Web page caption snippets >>
============================================================

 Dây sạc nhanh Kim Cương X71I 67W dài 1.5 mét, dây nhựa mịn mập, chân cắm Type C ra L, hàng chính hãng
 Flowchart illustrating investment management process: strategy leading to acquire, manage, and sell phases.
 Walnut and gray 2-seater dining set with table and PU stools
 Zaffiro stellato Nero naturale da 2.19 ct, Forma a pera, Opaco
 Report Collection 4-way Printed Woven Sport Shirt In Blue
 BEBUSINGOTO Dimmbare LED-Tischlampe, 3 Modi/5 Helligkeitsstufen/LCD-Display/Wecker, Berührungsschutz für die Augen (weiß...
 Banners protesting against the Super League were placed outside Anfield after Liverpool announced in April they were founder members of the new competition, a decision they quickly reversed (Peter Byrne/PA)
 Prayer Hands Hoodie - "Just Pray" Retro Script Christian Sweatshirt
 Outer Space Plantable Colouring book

============================================================

Problem requirements >> The answer is the full set of records, printed exactly as given.

Response area >>
 Dây sạc nhanh Kim Cương X71I 67W dài 1.5 mét, dây nhựa mịn mập, chân cắm Type C ra L, hàng chính hãng
 Flowchart illustrating investment management process: strategy leading to acquire, manage, and sell phases.
 Walnut and gray 2-seater dining set with table and PU stools
 Zaffiro stellato Nero naturale da 2.19 ct, Forma a pera, Opaco
 Report Collection 4-way Printed Woven Sport Shirt In Blue
 BEBUSINGOTO Dimmbare LED-Tischlampe, 3 Modi/5 Helligkeitsstufen/LCD-Display/Wecker, Berührungsschutz für die Augen (weiß...
 Banners protesting against the Super League were placed outside Anfield after Liverpool announced in April they were founder members of the new competition, a decision they quickly reversed (Peter Byrne/PA)
 Prayer Hands Hoodie - "Just Pray" Retro Script Christian Sweatshirt
 Outer Space Plantable Colouring book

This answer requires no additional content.